Quel que soit le modèle utilisé, tout OGE doit être sûr de pouvoir garantir la légitimité et la crédibilité des processus dont il est responsable. À cette fin, la gestion électorale doit reposer sur des principes directeurs fondamentaux.
Ces principes directeurs forment la base de l’administration électorale et sont essentiels pour garantir l’intégrité réelle et perçue du processus électoral.
Indépendance
Il existe une certaine confusion quant à la définition de l’indépendance des OGE, du fait que le terme « indépendant » renvoie à deux concepts différents : (1) l’indépendance structurelle par rapport au gouvernement (le « modèle indépendant ») et (2) l’« indépendance comme état d’esprit » qui est censée animer tous les OGE (quel que soit le modèle utilisé), lesquels se doivent de résister aux influences gouvernementales, politiques ou partisanes dans leurs prises de décision. Si l’une de ces problématiques tient à la forme et l’autre à la substance, elles sont perçues comme étant liées. En effet, dans de nombreuses régions du monde, le modèle indépendant est considéré comme le plus à même de garantir l’indépendance de l’OGE, de ses décisions et de son action.
L’indépendance institutionnelle ou « structurelle » n’apparaît que dans la constitution ou dans la loi. La façon la plus simple de promouvoir l’indépendance des décisions et de l’action d’un OGE est de créer un cadre juridique qui garantisse son indépendance, ainsi que le prévoient les Constitutions et les principales lois relatives aux OGE de nombreux pays tels que l’Afrique du Sud, le Mexique, l’Uruguay ou la Zambie.
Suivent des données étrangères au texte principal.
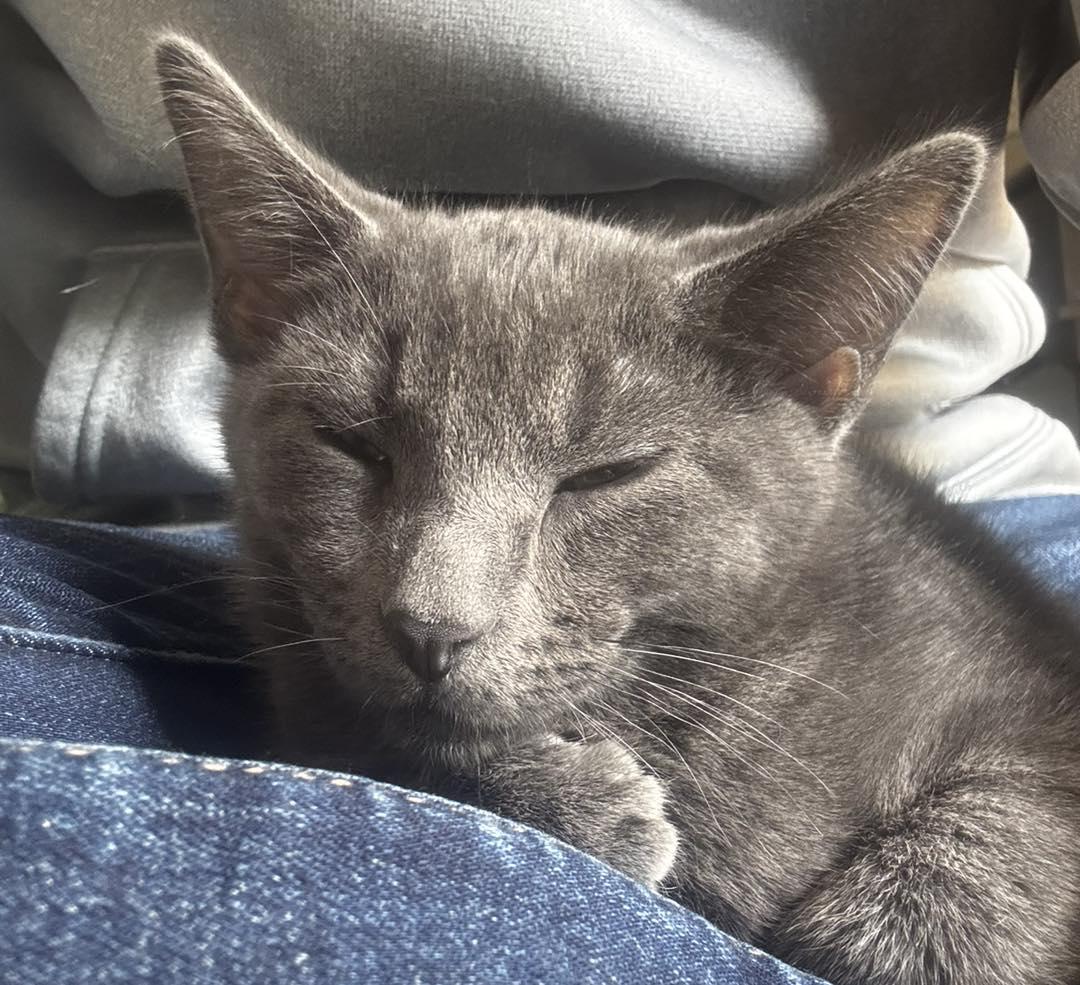 Juneau, an adopted Domestic Short Hair in Guthrie, OK image 1/4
Bien que cela soit toujours possible avec le modèle indépendant et que cela puisse l’être avec le modèle mixte, cela se révèle plus difficile à intégrer dans le modèle gouvernemental, compte tenu de son rattachement à un ministère ou à une collectivité locale, et ce au-delà des exigences strictes qui entourent l’impartialité de l’action de l’OGE.
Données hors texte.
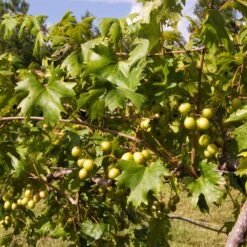 Wine Lover's Kit -Brighter Blooms WIne Lovers Kit 2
Alternativement, la nomination d’une personnalité publique respectée, connue pour sa neutralité politique, peut également favoriser l’indépendance de l’OGE. Le Burkina Faso a ainsi réglé ce problème en nommant un responsable de la société civile à la présidence de son OGE. Dans les OGE gouvernementaux, la nomination à ce poste de direction d’un fonctionnaire connu pour son intégrité et son indépendance politique, comme en Irlande du Nord, peut avoir un effet tout aussi positif.
Impartialité
Pour établir l’intégrité et la crédibilité des processus électoraux et pour promouvoir une large acceptation des résultats des élections, un OGE doit non seulement gérer les scrutins en totale indépendance, mais également mener ses actions de manière impartiale. Sans cette gestion impartiale et cette indépendance d’action, l’intégrité de l’élection risque d’être compromise et les processus électoraux seraient difficilement perçus comme crédibles, en particulier par les perdants
Tout OGE se doit de gérer les élections avec impartialité. Quel que soit son modèle, sa source de responsabilité, son contrôle de gestion ou son mode de financement, l’OGE doit traiter tous les participants aux élections de manière juste et équitable, sans consentir d’avantage à une quelconque tendance politique ou à un groupement d’intérêt quel qu’il soit.
En théorie, l’OGE le plus à même d’être impartial est l’OGE indépendant composé d’« experts » neutres. D’autres OGE indépendants, par exemple ceux composés de personnes désignées par des partis politiques participants aux élections, peuvent rencontrer davantage de difficultés à se faire accepter du grand public en tant qu’organismes entièrement impartiaux. À l’exception des pays ayant une tradition de service public neutre, les décisions et les activités des OGE gouvernementaux ou mixtes peuvent être considérées par le grand public comme étant susceptibles de favoriser le gouvernement en place.
Pourtant, certains OGE, composantes gouvernementales de modèle mixte (par exemple, en Espagne), ou des OGE de modèle gouvernemental (par exemple, en Finlande et en Suède) sont généralement considérés comme impartiaux. Inversement, certains OGE fonctionnant selon le modèle indépendant peuvent être indépendants uniquement en théorie. Même si l’impartialité peut être imposée par le cadre juridique ou par la structure de l’OGE, elle doit être mise en pratique par l’OGE dans son comportement et son attitude à l’égard des parties prenantes. L’impartialité est davantage un état d’esprit qu’un principe de droit, bien que cet état d’esprit puisse être encouragé par un cadre constitutionnel et juridique permettant un examen externe efficace des décisions de l’OGE et par un code de conduite interne prévoyant de lourdes sanctions gérées en toute indépendance.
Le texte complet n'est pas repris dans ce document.